[Records drawn from a dataset]
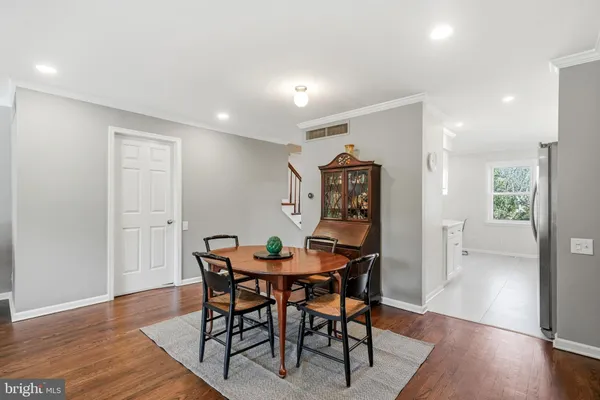 a living room with furniture and a flat screen tv with wooden floor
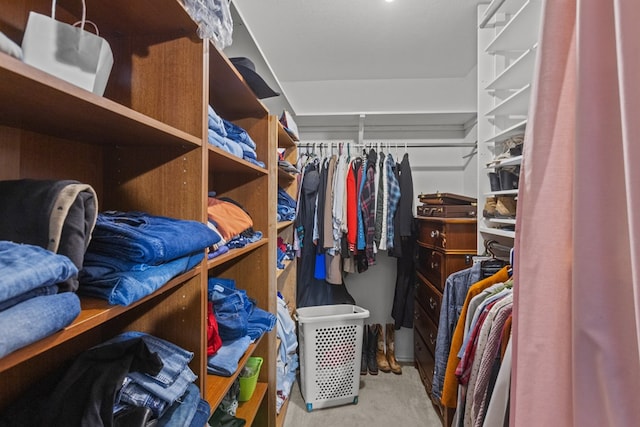 walk in closet featuring light carpet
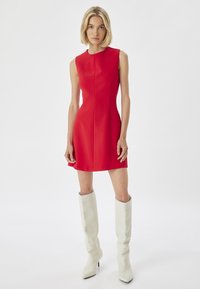 Rotes ärmelloses Kleid mit hohem Ausschnitt und figurbetonter Silhouette, kombiniert mit weißen knielangen Stiefeln und einer glatten Textur.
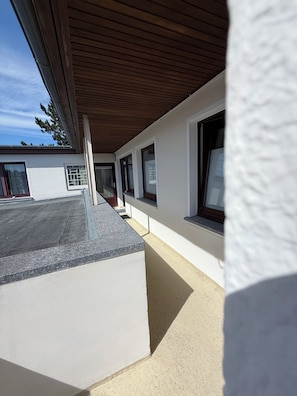 A covered outdoor area with a concrete floor, a wooden ceiling, and a white wall with windows.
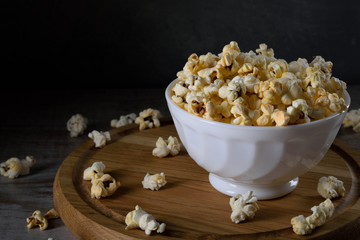 Air salty popcorn.A bowl of popcorn on a wooden table. Rustic style.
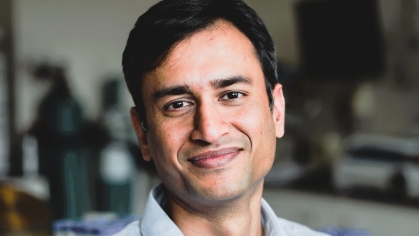 head shot of male with dark short hair wearing a blue button down collared shirt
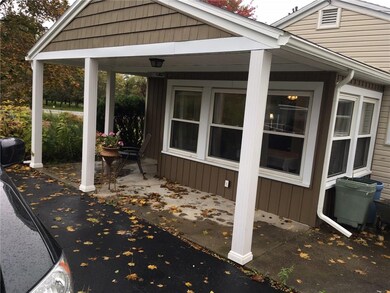 Nice covered porch for outdoor dining.
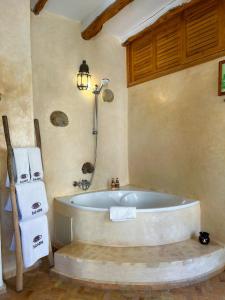 a bathroom with a bath tub with a shower and towels at Riad Baladin in Essaouira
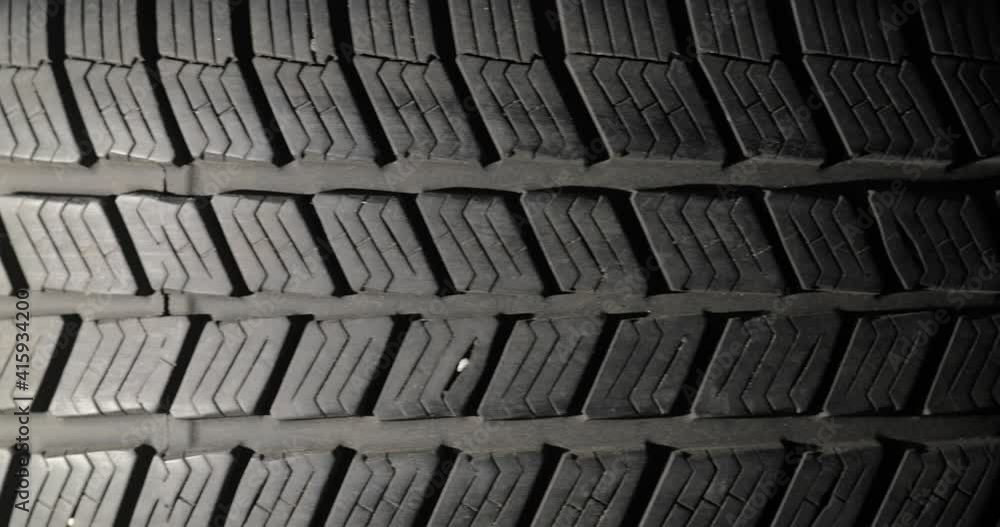 Spinning tire of a car slowing down to stope for vertical video Spinning tire of a car slowing down to stope for vertical video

Task statement:
Skipping every picture, transcribe exactly the lines above from the one containing "head shot of" through the one containing "a bathroom with", both included.

Expected output:
 head shot of male with dark short hair wearing a blue button down collared shirt
 Nice covered porch for outdoor dining.
 a bathroom with a bath tub with a shower and towels at Riad Baladin in Essaouira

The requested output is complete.